Well. I haven’t written in forever and I think I know why. It’s not from lack of trying. Seventy-two separate unpublished drafts attest to that. Rather, it’s because I started pressuring myself to be utterly brilliant, and nothing I’ve written as of late seemed good enough.
But really, who cares? At this point, not me.
For a while, I couldn’t deal with writing because I felt like everyone was going through the same challenges I was, and they were writing about it far better than I could, so there wasn’t any point attempting to join in on that conversation.
Now, though, I think what I’m dealing with might be slightly different than others.
Essentially, I’m still in lockdown when it feels like the rest of the world emerged from it ages ago.
I’ve been at home alone since March. I go to the supermarket, but nowhere else. I have seen friends a couple of times, but never more than one or two people at a time, always outside, always at an extreme distance. We bring our own chairs, glasses, drinks, food, utensils, and so on.
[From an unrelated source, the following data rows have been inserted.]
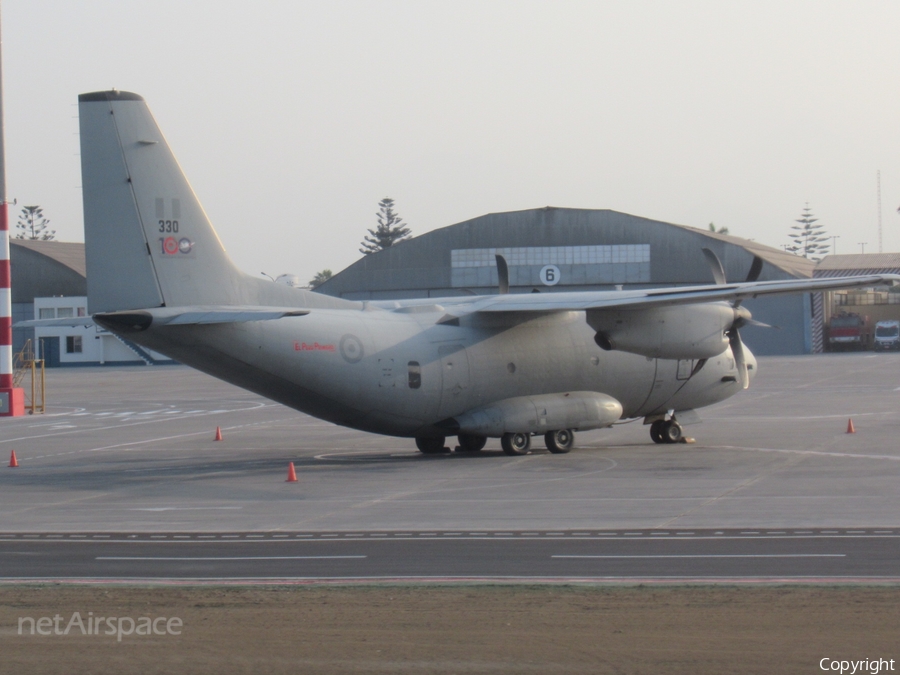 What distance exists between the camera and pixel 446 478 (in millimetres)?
20984

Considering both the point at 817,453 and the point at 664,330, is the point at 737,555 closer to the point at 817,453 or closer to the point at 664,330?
the point at 664,330

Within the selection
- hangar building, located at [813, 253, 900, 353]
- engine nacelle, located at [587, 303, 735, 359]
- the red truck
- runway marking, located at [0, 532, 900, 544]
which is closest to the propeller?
engine nacelle, located at [587, 303, 735, 359]

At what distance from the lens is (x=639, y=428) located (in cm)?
3180

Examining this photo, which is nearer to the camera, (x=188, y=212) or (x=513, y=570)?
(x=513, y=570)

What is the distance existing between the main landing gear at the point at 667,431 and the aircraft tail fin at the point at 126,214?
1251cm

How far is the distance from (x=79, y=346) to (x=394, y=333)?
3211 inches

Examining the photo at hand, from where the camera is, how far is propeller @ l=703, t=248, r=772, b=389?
24891mm

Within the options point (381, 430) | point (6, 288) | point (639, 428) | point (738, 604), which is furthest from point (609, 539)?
point (6, 288)

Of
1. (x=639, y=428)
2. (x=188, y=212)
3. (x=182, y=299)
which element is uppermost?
(x=188, y=212)

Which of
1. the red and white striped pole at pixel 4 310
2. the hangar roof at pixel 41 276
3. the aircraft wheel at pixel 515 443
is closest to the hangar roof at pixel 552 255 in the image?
the hangar roof at pixel 41 276

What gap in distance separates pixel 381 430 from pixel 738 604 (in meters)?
14.1

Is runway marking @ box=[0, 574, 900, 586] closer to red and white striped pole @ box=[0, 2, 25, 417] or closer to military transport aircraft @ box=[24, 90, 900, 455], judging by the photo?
military transport aircraft @ box=[24, 90, 900, 455]

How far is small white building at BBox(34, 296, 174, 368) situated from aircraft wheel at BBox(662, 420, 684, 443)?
73.5 metres

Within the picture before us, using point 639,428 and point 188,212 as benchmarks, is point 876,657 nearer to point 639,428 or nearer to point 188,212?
point 188,212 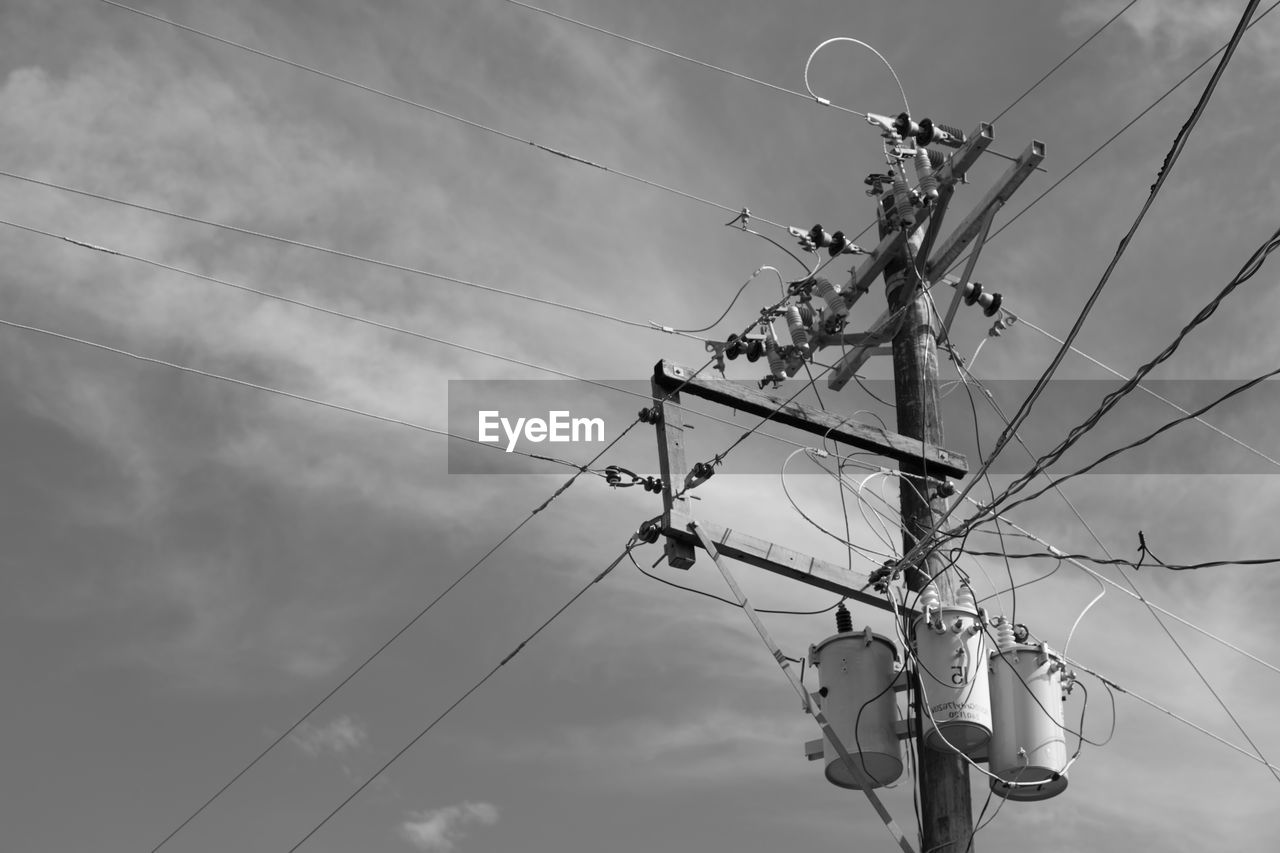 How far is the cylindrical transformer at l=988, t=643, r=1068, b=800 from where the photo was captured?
859cm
It feels like I’m the only one still doing this, though. And as cases are once again on the rise, I find my frustration building, as well.
I know there isn’t anything I can do about it, so I don’t try. I don’t say anything when I see people gathering together and not observing distancing guidelines. I keep my mouth shut when photos of maskless friends getting together are posted on social media. I consider it not my business. It’s their life and their decision.
Except, to a large degree, it isn’t. Because their actions are having a direct impact on me and others. The contagion continues to spread because people aren’t taking necessary precautions that would limit the spread.
It’s frustrating, to say the least.
I don’t have anything brilliant to say about it or anything else, though. Which is why I haven’t bothered posting in so long. I don’t have a witty conclusion to offer and I don’t judge others in such a way that motivates me to indulge in an impassioned tirade against them.
I’m just frustrated.
I am not, however, doing as poorly as one might. I am lucky in that it is not driving me nuts to be alone with my cats for months on end. I am grateful I am situated well because I can imagine how different my experience of this pandemic might have been if it had happened three or more years earlier. I am grateful. I am lucky.
My heart hurts for all those who are not so lucky, though. Folks who are not able to comfortably stay home, who do not have an emotional or physical safe space that they call home, or who simply are of a personality type that does not do well with solitude. Their pain and distress is very real. Which is likely why I don’t judge.
I just wish things were different. I wish, quite obviously and frankly, that we were not in the midst of a pandemic.
This will pass, I know, but right now is hard and it hurts for everyone in a broad variety of ways. I highly doubt anyone’s life is completely normal right now.
Pandemics suck. I look forward to this one being over.